UFL welcomes recovery in Australian wine exports
Australian wine exports to China have almost recovered to levels recorded before Beijing’s austerity measures severely dented volumes.
February 25, 2015
By Denice Cabel
The U-Freight Group (UFL) welcomes the news that Australian wine exports to China have almost recovered to levels recorded before Beijing’s austerity measures severely dented volumes, and believes it will be a major boost for the company’s specialist wine logistics services in the country.
Data released earlier this year by the Australian Grape and Wine Authority (AGWA) indicates that total Australian wine exports in 2014 increased by 8 per cent to 40 million litres, with bottled exports almost recovering to levels recorded before the full effects of the austerity measures took hold in 2012.
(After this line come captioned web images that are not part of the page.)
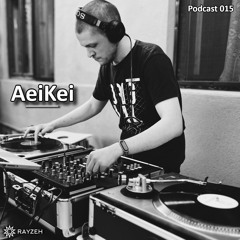 Rayzeh Podcast | 015 - AeiKei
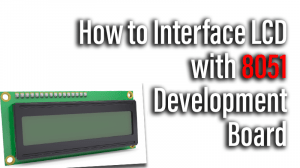 Read more about the article How to Interface LCD with 8051 Development Board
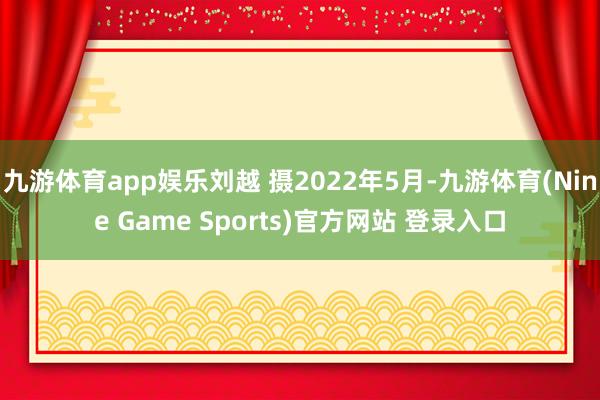 九游体育app娱乐刘越 摄2022年5月-九游体育(Nine Game Sports)官方网站 登录入口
The booming trade is expected to grow even faster this year following November’s bilateral trade agreement between Australia and China. Once fully implemented, the agreement will remove China import tariffs on a range of Australian agricultural products, including wine.
The AGWA reported that the AU$2 to AU$4 segment was the key driver of the turnaround, increasing by 15 per cent to 20 million litres.
For Hong Kong — which scrapped all duties on wine imports several years ago — Australian exports by value in the ultra-premium segment grew 127 per cent to AU$42 million.
UFL chief executive officer, Simon Wong says: “Old World or New World, as a product, wine is perishable and U-Freight has much expertise in handling such traffic, which is also high value and requires specialised handling. While the Group handles wine shipments throughout its network, special investments have been made to support the growing wine business in China.